Такие картины Семен Файбисович, по его словам, впервые увидел на выставке в Пушкинском музее в 1975 году и был шокирован их сходством с тем, чем сам занимался, тогда еще в графике. Но от выбранного метода не отрекся, рассудив: «Мы занимаемся разными вещами: они демонстрируют язык, а я хочу на нем разговаривать, выяснять на нем непростые отношения с жизнью». И действительно, американский фотореализм близок скорее к поп-арту: вслед за фотографией эти картины будто скользят по поверхности видимого мира, фиксируют сколь угодно банальное, но затем так пристально концентрируют внимание зрителей, что им становится немного жутковато.
В 1980-е годы для создания картин Семен Файбисович использовал свои снимки, на которых довольно прицельно зафиксированы советские реалии. Кухонная утварь, детали домашней обстановки, люди в общественном транспорте. Где, как не в электричках, автобусах, метро, можно было спокойно рассматривать лица современников. Окна, так или иначе присутствующие в этих картинах, словно дополнительные линзы к тем, что встроены в камеру. Эти портреты точно иллюстрируют настроение тех лет, когда общественная жизнь вроде и замерла, лозунги и вся идеологическая рутина уже ничего не значат, никто не шевелится, а при этом вроде бы как-то куда-то движется. Готовые символы застоя, летящего по рельсам в тупик.
Такой картиной «Станция «Cокол»» (1985), где хмурый мужчина с портфелем будто вжался в сиденье, а из окна вагона видны станция, пассажиры, встречный поезд, открывается выставка, задающаяся вопросом «Фотореализм?». И словно в пояснение метода, ничуть не пристрастного к соотечественникам, здесь появляются работы из цикла «Нью-Йоркский сабвей», созданные в начале 1990-х годов с тем же вниманием к фигурам пассажиров: кто-то читает газету, кто-то дремлет, кто-то ушел в себя — никакой принципиальной разницы с москвичами, никаких художественных открытий.
На несколько лет Файбисович даже оставил занятия живописью, а когда вернулся к ней в 2007 году — дело было уже в стране, провозгласившей курс на стабильность,— то нашел в Москве совершенно новых героев. Да и манера письма изменилась. Теперь он снимал на смартфон с цифровой камерой и, укрупняя до двухметровых форматов пиксельные изображения, даже не пытался восполнить неизбежные дефекты резкости и цвета.
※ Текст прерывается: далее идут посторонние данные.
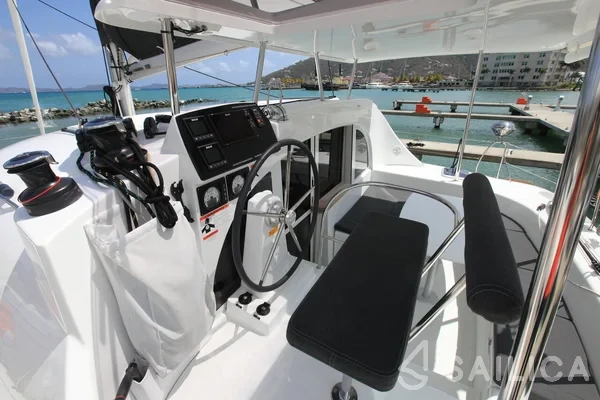 Lagoon 380 - Yacht Charter Sailica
Новых героев он находит в тех же троллейбусах, маршрутках, метро, на остановках. Но даже если застает их в момент отрешенности, она уже совсем другая. Конечно, тут встречаются и композиционно точные ремейки картин 1980-х годов, но скуке «совка» на них противопоставлены лица с печатью пережитого горя, даже не отчаяния, а безнадеги. Есть среди персонажей и вполне благополучная молодежь, и бодрые курсанты, но, кажется, они лишь создают нужный контраст для совершенно новой для художника темы — Москвы как средоточия социального расслоения и неблагополучия.
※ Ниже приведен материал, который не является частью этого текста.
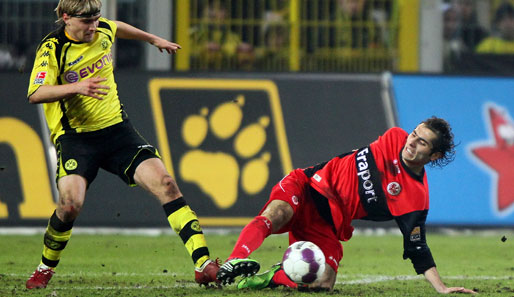 Marcel Schmelzer (l.) und der BVB peilen in Frankfurt den neunten Auswärtssieg in Serie an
Не показывавшаяся ранее серия «Ночной Разгуляй» основана на небрежных снимках, сделанных в ночное время, почти безлюдных. Тут город, с уже не раз мощенными тротуарами, с усиленной подсветкой зданий и улиц, в контексте предыдущих работ художника смахивает на поле боя, с которого уже убрали тела жертв. Новая серия естественно продолжает более ранние работы линии «Разгуляй», начатой в 2008 году. Над ней Семен Файбисович с перерывами работал до отъезда из России и возвращался в других циклах того же времени. Бомжи, спящие на лавках или просящие подаяние на тротуарах, валяющиеся тела, растерянные мигранты, бродячие собаки (серия «Собачья жизнь»), вокзальная толчея (цикл «Казанский В»), алкаши в подворотнях. Если знать места, и не такого можно было нафотографировать в Москве, но одно дело снимки, другое — двухметровые холсты, от которых на выставке не увернуться. Недаром за тематическую близость этих картин к живописи критического реализма работы Файбисовича даже выставляли в 2019 году в Третьяковке, в пандан к проходившей там ретроспективе Репина. Если нынешняя выставка и вправду прощание, то это не прощание холодного фотореалиста. В нем много чувств и желания — не забыть страшноватую московскую жизнь, как кошмарное сновидение, а оставить нам на память свой странный, но честный образ столицы.